I wonder, on a broad scale, what language families tend to be the most long-winded

@Felthry @BatElite as in most words, or longest words?

or longest time for an average utterance?

(to be clear about the last one: Navajo has a much higher density of information per sound than English does, so in navajo the word "najiné" means "they are playing", but since Navajo is spoken at a slower pace, navajo sentences and english sentences take around the same amount of time to say)

@lizardsquid @Felthry For longest word Dutch and German can just append bits to words. It's just that it gets more specific to the point of nonsense.
(I forgot the name of the bits you append. I don't think it's adjectives.)

@BatElite @lizardsquid several north american languages are what's called polysynthetic, which basically means like how german or dutch glue words together but taken to the extreme

@Felthry @BatElite that's not quite the same process:

German and Dutch (and so on) glue words together to form compound words

Polysynthetic languages are glueing units-of-meaning together to synthesise a new word

The distinction is subtle, but important

@Felthry @BatElite the short version is that the meaning of compound words is not neccessarily derivable from its components without real-world knowledge, whereas synthetic words convey their more complicated information with grammatical systems.

(example in next toot...)

@Felthry @BatElite

So "lighthouse" is a compound word, but you don't neccessarily know what it is from just "light" and "house" — someone unfamiliar with the real world object might think it's a house made of very light materials.

"impossible" is a synthetic word, because you're attaching the grammtical affix "im-" to "possible". As long as you know the affix and the word, you understand what it means.

@lizardsquid @Felthry In that case wasn't what I was thinking of for Dutch/German synthetic instead of compound?

"Kunsttentoonstelling" is easily understood as a "tentoonstelling" (exhibition) pertaining to "kunst" (art).

Similarly "fietsbandventieldopjesfabriek" (bicycle tire* valve cap factory) technically is synthetic, even if the word refers to some overly specific nonsense.

*"band" should technically be "wiel" if you're pedantic, but AFAIK most people use tire/(the rubber bits) instead.

@BatElite @Felthry a quick rule of thumb is that synthetic words only have ONE root word (and a number of grammatical affixes.)

so in "impossible", "possible" is the root word, and "im-" is the affix.

but in strawberry is straw the root word and berry the affix? or is berry the root word?

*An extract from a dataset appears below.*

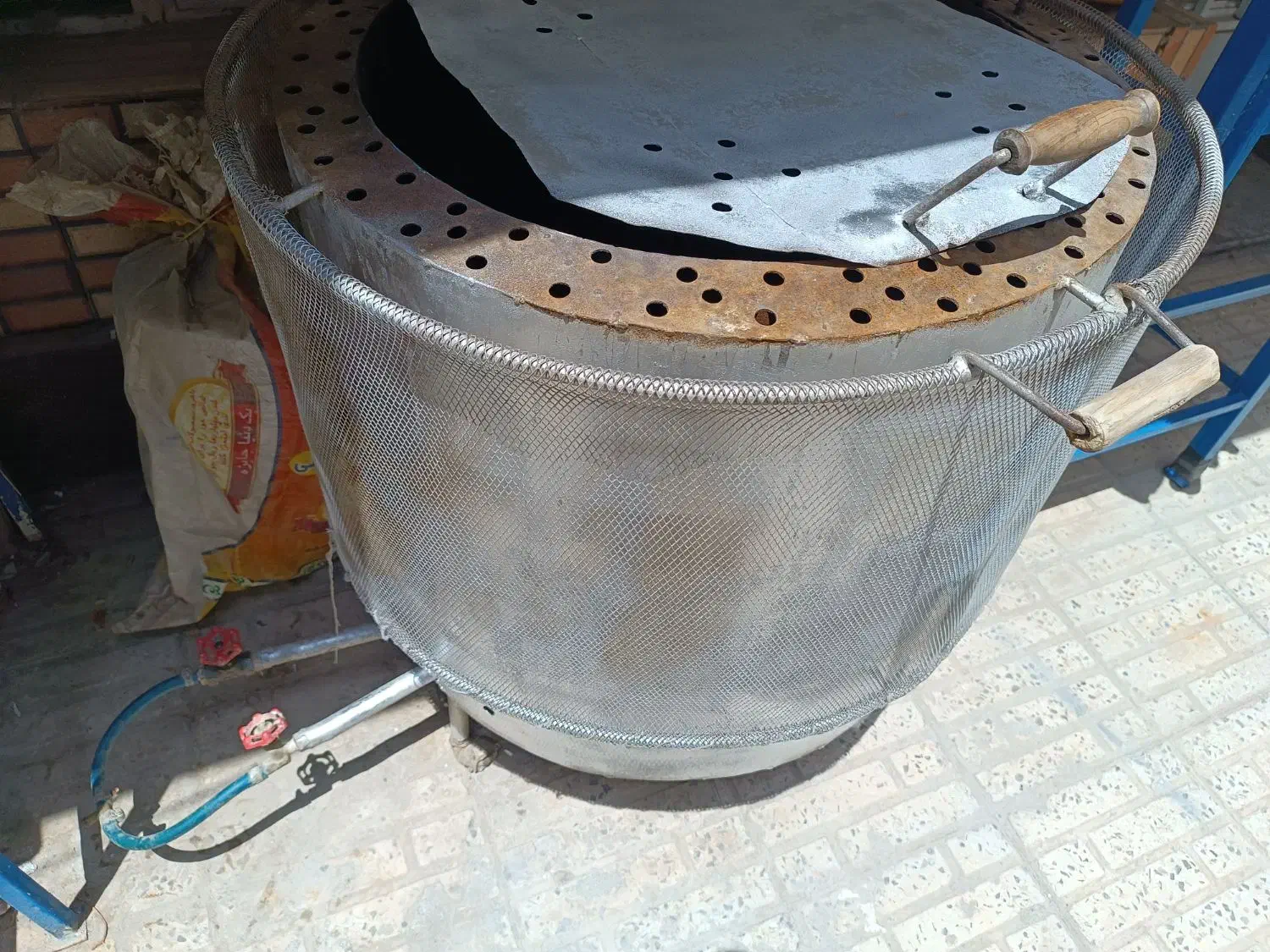 تنور گازی خانگی تمیز|اجاق گاز و لوازم برقی پختوپز|اصفهان, ارزنان|دیوار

in automobile is mobile the root word? or auto?

in Kunsttentoonstelling is tentoonstelling the root word and kunst the affix? or is kunst the root word?

you can't say, because it's not synthetic.

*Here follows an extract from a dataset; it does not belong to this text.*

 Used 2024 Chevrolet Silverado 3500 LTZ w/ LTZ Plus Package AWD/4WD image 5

@BatElite @Felthry it's not about how easy it is to figure out:

automotor (or car engine in English) is easy to work out what it means (because compounding still follows grammatical rules!)
lighthouse is fairly obvious.

it's about whether the components of the word is lexical or grammatical.

@lizardsquid @Felthry ???
But my point is that Kunsttentoonstelling follows "As long as you know the affix and the word, you understand what it means.". Both "kunst" and "tentoonstelling" have self-contained meaning, independent of one another.

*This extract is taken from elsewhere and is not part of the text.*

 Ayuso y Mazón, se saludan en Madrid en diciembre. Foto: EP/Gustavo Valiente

I'd say tentoonstelling is the root in this case, since it contributes more to the actual meaning. You can replace kunst with anything and end up with roughly the same concept, but replace tentoonstelling and you have something entirely different.

@BatElite @Felthry so an important thing I forgot to mention: affixes cannot stand on their own as words.

In english, I can't say "im" and have you understand what I mean, I can't say "ness" and have you understand – both of those MUST be attached to a word in order for them to have any meaning.

But I can say "light" or "house", or "straw" or "berry".

With Kunsttentoonstelling, you can say "kunst" on its own, and you can say "tentoonstelling" on its own and have it be understood.

@lizardsquid @Felthry I get your point, but I *can* understand the transformative properties that "im" and "ness" have on a word on their own.

(How do you define "ness" anyway? "having the quality of"?)

@BatElite @lizardsquid That inability to define "ness" seems to be exactly what Avery is talking about, or at least close to it

@BatElite @Felthry sure, but it's not a word.

I can't use it in a sentence, unless it's already attached to a different word

@lizardsquid @Felthry Mmhm

I suspect that can be subject to change though (and I wouldn't be surprised if there's examples of similar things occuring). Suppose that standalone im becomes a common English synonym for "not", does "impossible" become a compound word rather than a synthetic one?

@BatElite @Felthry oh yeah, so things go in both directions.

grammatical affixes can slowly turn into grammatical words, and grammatical words can turn into grammtical affixes.

We can also end up with words that were originally synthetic (so there's a root word and an affix), but because the affix has fallen out of use, it's now just a compound word.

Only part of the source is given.